Conclusions: The recurrence and survival outcomes are comparable with BCS and mastectomy. Thus, BCS is a safe treatment option for selected breast cancer patients after NACT.

Introduction

Several prospective randomized clinical trials have demonstrated that breast-conserving surgery (BCS) plus radiotherapy can provide long-term survival outcomes comparable to that with mastectomy (1–3) and better cosmetic outcomes and quality of life (4–6) in early-stage breast cancer (BC). Some recent large population-based studies have even shown better survival rates with BCS (7–10).

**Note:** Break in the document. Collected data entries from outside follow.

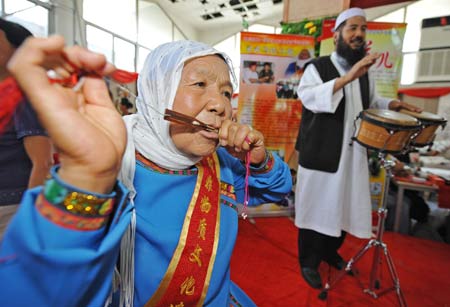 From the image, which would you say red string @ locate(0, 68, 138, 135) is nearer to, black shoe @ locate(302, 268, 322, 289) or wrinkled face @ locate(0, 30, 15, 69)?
wrinkled face @ locate(0, 30, 15, 69)

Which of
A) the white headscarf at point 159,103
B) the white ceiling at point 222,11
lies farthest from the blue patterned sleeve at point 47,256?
the white ceiling at point 222,11

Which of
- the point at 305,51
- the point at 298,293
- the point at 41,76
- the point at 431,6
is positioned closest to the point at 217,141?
the point at 41,76

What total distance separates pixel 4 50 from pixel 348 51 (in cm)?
241

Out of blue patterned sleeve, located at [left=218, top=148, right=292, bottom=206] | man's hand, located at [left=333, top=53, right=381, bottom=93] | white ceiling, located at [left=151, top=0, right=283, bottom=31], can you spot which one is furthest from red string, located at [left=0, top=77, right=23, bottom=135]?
white ceiling, located at [left=151, top=0, right=283, bottom=31]

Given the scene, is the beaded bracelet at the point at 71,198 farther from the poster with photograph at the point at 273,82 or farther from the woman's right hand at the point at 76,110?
the poster with photograph at the point at 273,82

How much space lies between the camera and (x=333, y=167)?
7.00 ft

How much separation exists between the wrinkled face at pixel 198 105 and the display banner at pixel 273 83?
2.67 metres

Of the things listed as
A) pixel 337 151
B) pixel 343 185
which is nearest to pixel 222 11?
pixel 337 151

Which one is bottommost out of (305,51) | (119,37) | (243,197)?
(243,197)

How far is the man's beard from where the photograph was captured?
7.14ft

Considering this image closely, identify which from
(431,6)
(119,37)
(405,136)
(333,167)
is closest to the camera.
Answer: (119,37)

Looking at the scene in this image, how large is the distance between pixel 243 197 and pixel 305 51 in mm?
3001

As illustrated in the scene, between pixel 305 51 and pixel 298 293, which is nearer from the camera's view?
pixel 298 293

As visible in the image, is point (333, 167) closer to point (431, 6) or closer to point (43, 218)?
point (43, 218) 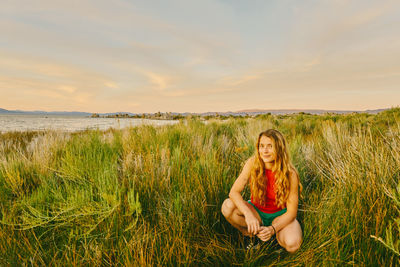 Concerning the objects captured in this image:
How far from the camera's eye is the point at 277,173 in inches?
73.0

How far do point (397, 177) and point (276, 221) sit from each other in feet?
4.06

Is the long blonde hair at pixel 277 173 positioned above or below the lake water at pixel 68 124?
below

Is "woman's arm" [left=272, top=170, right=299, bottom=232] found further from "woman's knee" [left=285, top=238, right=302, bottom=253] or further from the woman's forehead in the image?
the woman's forehead

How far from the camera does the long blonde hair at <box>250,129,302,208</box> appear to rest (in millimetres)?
1827

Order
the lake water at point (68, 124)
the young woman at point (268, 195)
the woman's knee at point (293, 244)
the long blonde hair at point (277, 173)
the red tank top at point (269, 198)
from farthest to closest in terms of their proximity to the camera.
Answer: the lake water at point (68, 124) → the red tank top at point (269, 198) → the long blonde hair at point (277, 173) → the young woman at point (268, 195) → the woman's knee at point (293, 244)

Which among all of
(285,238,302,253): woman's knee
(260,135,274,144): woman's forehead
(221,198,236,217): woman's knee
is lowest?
(285,238,302,253): woman's knee

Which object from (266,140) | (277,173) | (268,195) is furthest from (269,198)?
(266,140)

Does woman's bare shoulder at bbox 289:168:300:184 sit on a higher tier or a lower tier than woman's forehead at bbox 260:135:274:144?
lower

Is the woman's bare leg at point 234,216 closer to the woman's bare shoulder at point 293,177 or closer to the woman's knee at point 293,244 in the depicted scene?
the woman's knee at point 293,244

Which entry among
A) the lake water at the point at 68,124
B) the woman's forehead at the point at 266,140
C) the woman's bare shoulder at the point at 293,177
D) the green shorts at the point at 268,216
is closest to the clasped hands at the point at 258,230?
the green shorts at the point at 268,216

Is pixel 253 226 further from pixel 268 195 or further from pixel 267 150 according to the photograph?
pixel 267 150

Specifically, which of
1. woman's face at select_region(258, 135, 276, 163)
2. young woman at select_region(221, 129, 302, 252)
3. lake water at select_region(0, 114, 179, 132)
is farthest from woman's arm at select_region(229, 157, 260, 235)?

Traditionally, neoadjuvant chemotherapy (NACT) was a standard treatment of unresectable locally advanced breast cancer (LABC) to convert these patients to candidates for surgery. Two prospective randomized trials, the NSABP B18 and EORTC 10902, compared NACT and adjuvant chemotherapy in operable BC, and reported similar survival outcomes between two groups (11, 12). Moreover, these two trials both also found that NACT increased the rate of BCS by reducing the size of primary tumor. Based on the findings, NACT has been more widely accepted for operable BC and to facilitate BCS for the patients with large tumors who are initially considered for mastectomy (13, 14). In addition, it has potential to reduce resected volumes for the patients who are already candidates for BCS and achieve better cosmetic outcomes (15). Meanwhile, NACT can determine the chemo-sensitivity and reduce micrometastasis.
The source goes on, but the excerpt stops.